Ishida T, Takizawa Y, Kainuma T, Inoue J, Mikawa T, Shibata T, Suzuki H, Tashiro S, Kurumizaka H - Nucleic Acids Res. (2009)

Bottom Line: We found that 4,4'-diisothiocyanostilbene-2,2'-disulfonic acid (DIDS) efficiently inhibited the RAD51-mediated strand exchange.A gel mobility shift assay showed that DIDS significantly inhibited the DNA-binding activity of RAD51.Therefore, DIDS may bind near the DNA binding site(s) of RAD51 and compete with DNA for RAD51 binding.

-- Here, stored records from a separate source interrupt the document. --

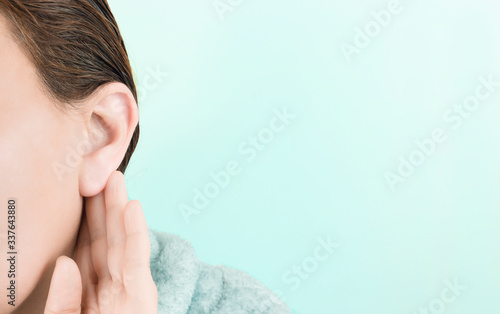 Young woman touching her ear on a blue background photo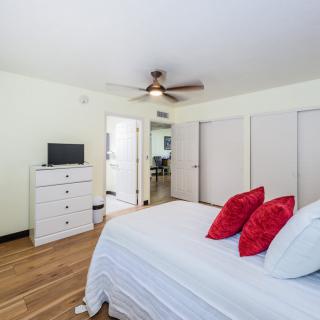 A cozy bedroom featuring a bed with red pillows, white linens, a white dresser, and a ceiling fan. The room is decorated with hardwood floors and neutral walls.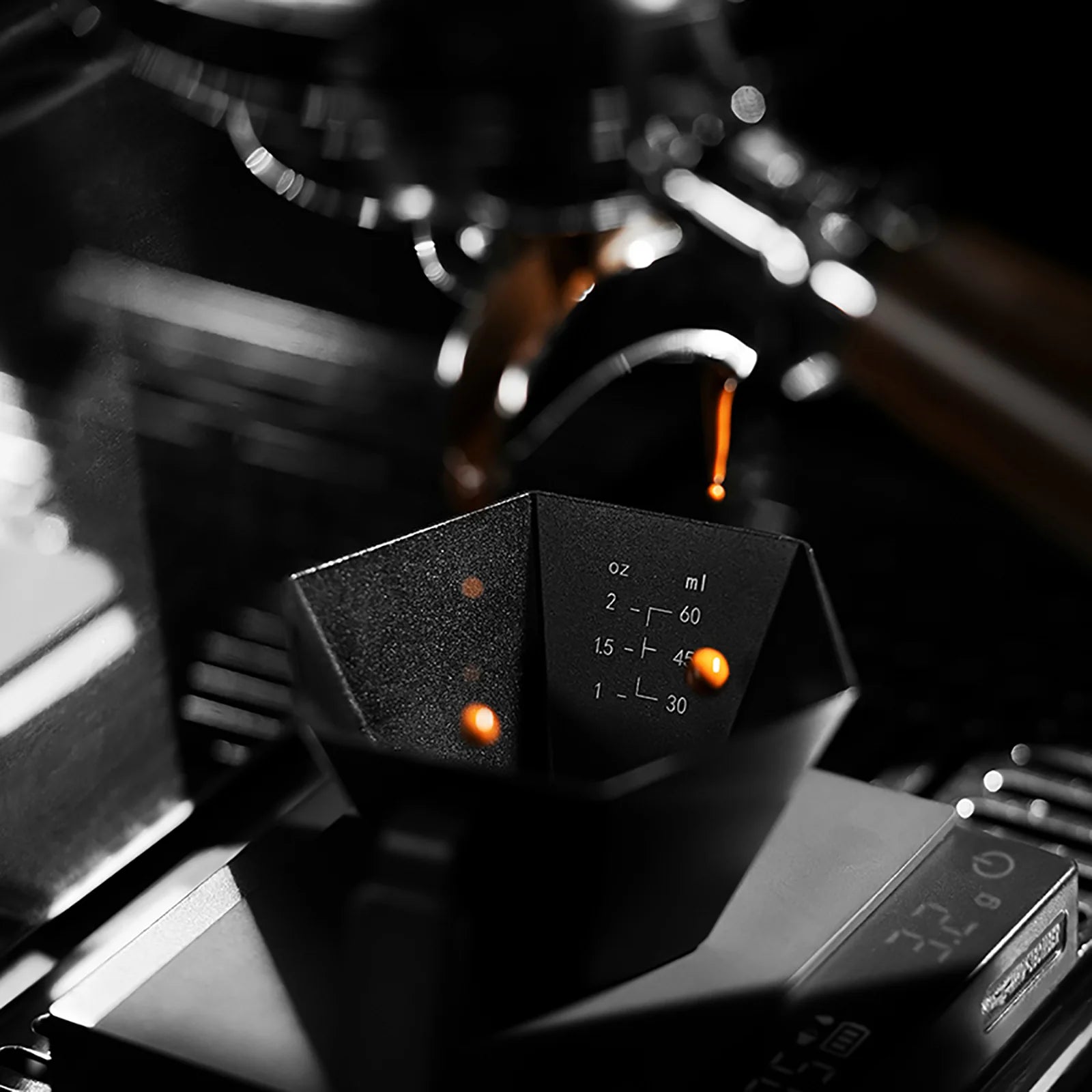 MHW-3BOMBER Prism Measuring Cup in black. Hexagonal shape, dual scale markings in ml/oz. Espresso drops inside.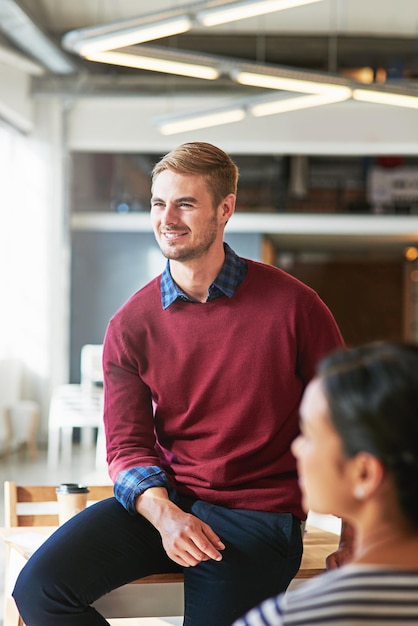 Man business people and office with focus learning and development of career for teamwork success Modern office woman and coworker sitting on table for marketing team building or conversation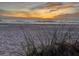 Picturesque beach view with a stunning sunset and scenic dune grass at 640 Fox St, Longboat Key, FL 34228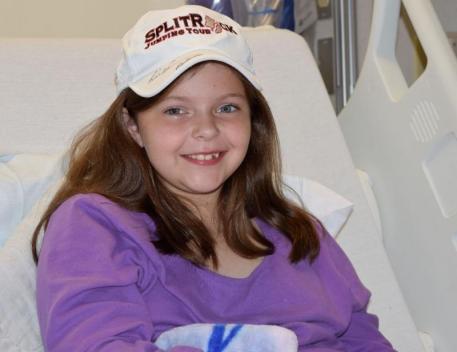 Marlee Powell wearing her autographed SRJT hat (Photos: McFarland/EqSol)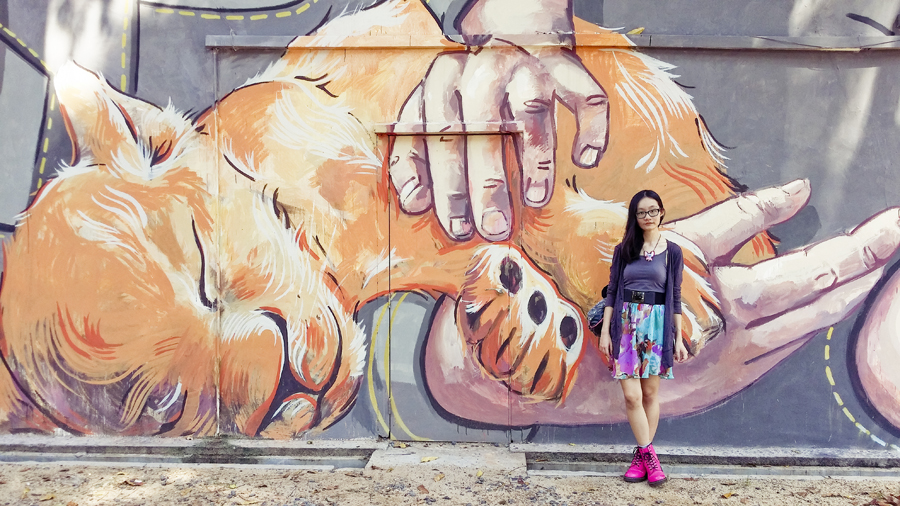 Ren posing with Girl and the Lion Cub, a mural by Ernest Zacharevic.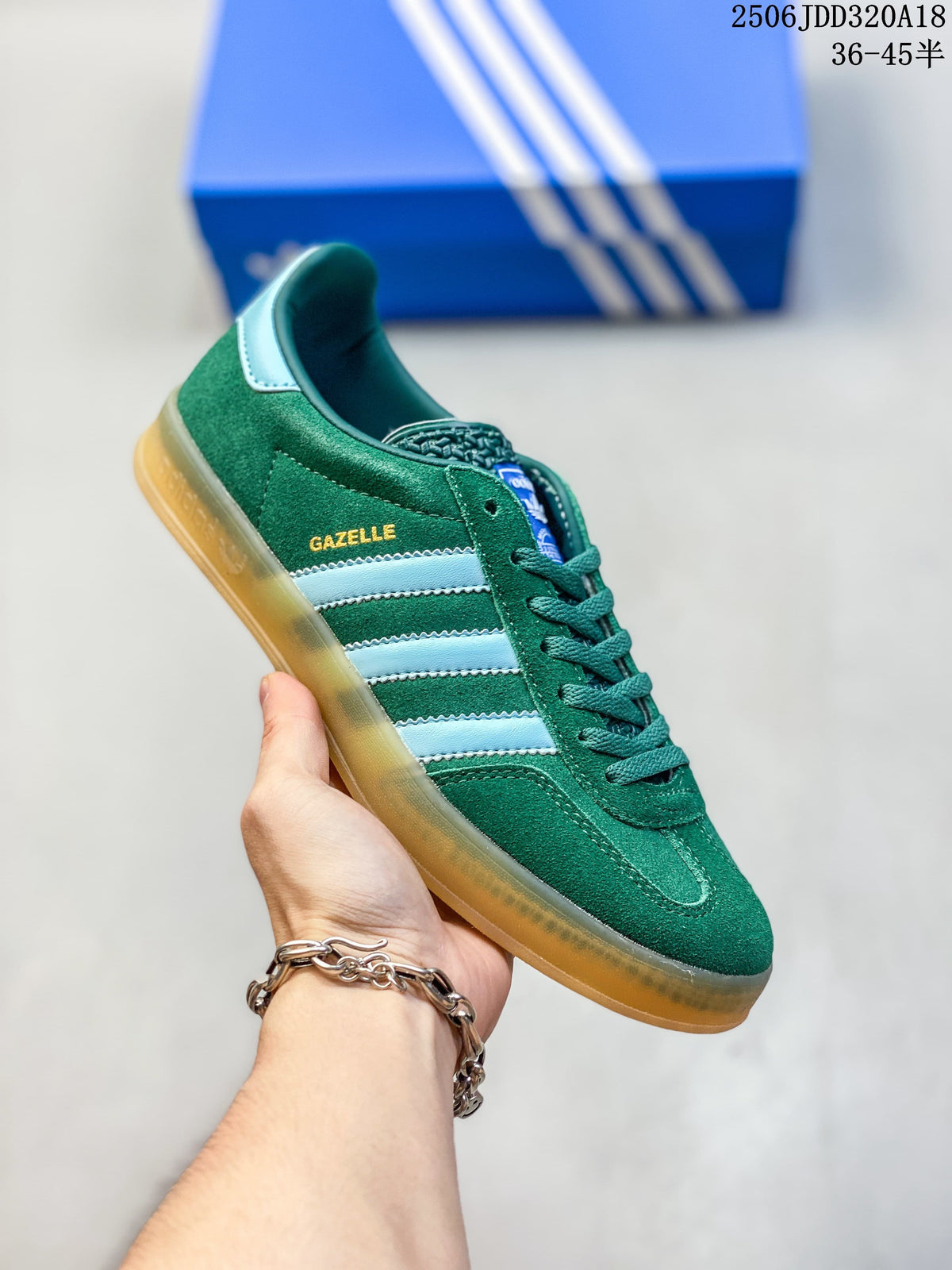 Green Adidas Gazelle low-top sneaker with pale blue stripes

View Article: PubMed Central - PubMed

Affiliation: Laboratory of Structural Biology, Graduate School of Advanced Science and Engineering, Waseda University, 2-2 Wakamatsu-cho, Shinjuku-ku, Tokyo 162-8480, Japan.

ABSTRACT
RAD51, an essential eukaryotic DNA recombinase, promotes homologous pairing and strand exchange during homologous recombination and the recombinational repair of double strand breaks. Mutations that up- or down-regulate RAD51 gene expression have been identified in several tumors, suggesting that inappropriate expression of the RAD51 activity may cause tumorigenesis. To identify chemical compounds that affect the RAD51 activity, in the present study, we performed the RAD51-mediated strand exchange assay in the presence of 185 chemical compounds. We found that 4,4'-diisothiocyanostilbene-2,2'-disulfonic acid (DIDS) efficiently inhibited the RAD51-mediated strand exchange. DIDS also inhibited the RAD51-mediated homologous pairing in the absence of RPA. A surface plasmon resonance analysis revealed that DIDS directly binds to RAD51. A gel mobility shift assay showed that DIDS significantly inhibited the DNA-binding activity of RAD51. Therefore, DIDS may bind near the DNA binding site(s) of RAD51 and compete with DNA for RAD51 binding.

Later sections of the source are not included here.